Eine Ausübung der Ermächtigung zur Erhöhung des Grundkapitals
unter Ausschluss des Bezugsrechts kann in geeigneten Fällen
dann sinnvoll und erforderlich sein, um die Aktien der
Gesellschaft an einer Börse, an der die Aktien der
Gesellschaft bislang nicht notiert sind, öffentlich zum
Börsenhandel einzuführen. In diesem Fall kann der Ausschluss
des Bezugsrechts erforderlich sein, um insbesondere
ausländischen Investoren die Möglichkeit zur Zeichnung
einzuräumen. Dem trägt der Beschlussvorschlag Rechnung.
Ferner ist vorgesehen, dass das Bezugsrecht der Aktionäre
durch den Vorstand mit Zustimmung des Aufsichtsrats für die
Einräumung von Bezugsrechten an die Inhaber von
Wandelschuldverschreibungen, Wandelgenussrechten oder
Optionsrechten ausgeschlossen werden darf.

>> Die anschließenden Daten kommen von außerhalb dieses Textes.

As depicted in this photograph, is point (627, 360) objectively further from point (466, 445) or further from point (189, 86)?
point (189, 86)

Dieser
Bezugsrechtsausschluss kann erforderlich sein, um bei einer
Begebung von Wandelschuldverschreibungen, Wandelgenussrechten
oder Optionsrechten die Bedingungen der
Wandelschuldverschreibungen, Wandelgenussrechte bzw.
Optionsrechte so ausgestalten zu können, dass sie vom
Kapitalmarkt aufgenommen werden.
Schließlich soll das genehmigte Kapital unter Ausschluss des
Bezugsrechts auch eingesetzt werden können, um Aktien zur
Bedienung von Mitarbeiterbeteiligungsprogrammen generieren zu
können. Mitarbeiterbeteiligungsprogramme sind ein wichtiger
Faktor zur Gewinnung und Bindung qualifizierter Führungskräfte
an die Gesellschaft. Die Möglichkeit zur Durchführung einer
Kapitalerhöhung aus genehmigtem Kapital unter Ausschluss des
Bezugsrechts zur Bedienung von
Mitarbeiterbeteiligungsprogrammen ist dabei auf 10 % des
vorhandenen Grundkapitals beschränkt.
Vorstand und Aufsichtsrat halten unter Berücksichtigung der
vorstehend beschriebenen Umstände und Abwägung der
Unternehmensinteressen einerseits sowie der Aktionärsbelange
andererseits einen Ausschluss des Bezugsrechts in den
genannten Fällen für sachlich gerechtfertigt und für
angemessen.
Bericht des Vorstands über die Ausnutzung des Genehmigten
Kapitals 2013
Der Vorstand wird den Aktionären über jede Ausnutzung des
Genehmigten Kapitals 2013 jeweils auf der nachfolgenden
ordentlichen Hauptversammlung berichten.
8. Änderung von § 2 der Satzung der Gesellschaft:
Unternehmensgegenstand
Vorstand und Aufsichtsrat schlagen vor, den in der Satzung
niedergelegten Unternehmensgegenstand der Gesellschaft zu
erweitern.
Nach dem derzeitigen § 2 Abs. 1 der Satzung der Gesellschaft
ist Gegenstand des Unternehmens 'das Halten, Verwalten und die
Veräußerung von direkten und indirekten Beteiligungen an
Unternehmen und Beteiligungen aus dem Bereich der drahtlosen
Übertragungstechnologie sowie die Erbringung von
Dienstleistungen für Beteiligungsunternehmen'.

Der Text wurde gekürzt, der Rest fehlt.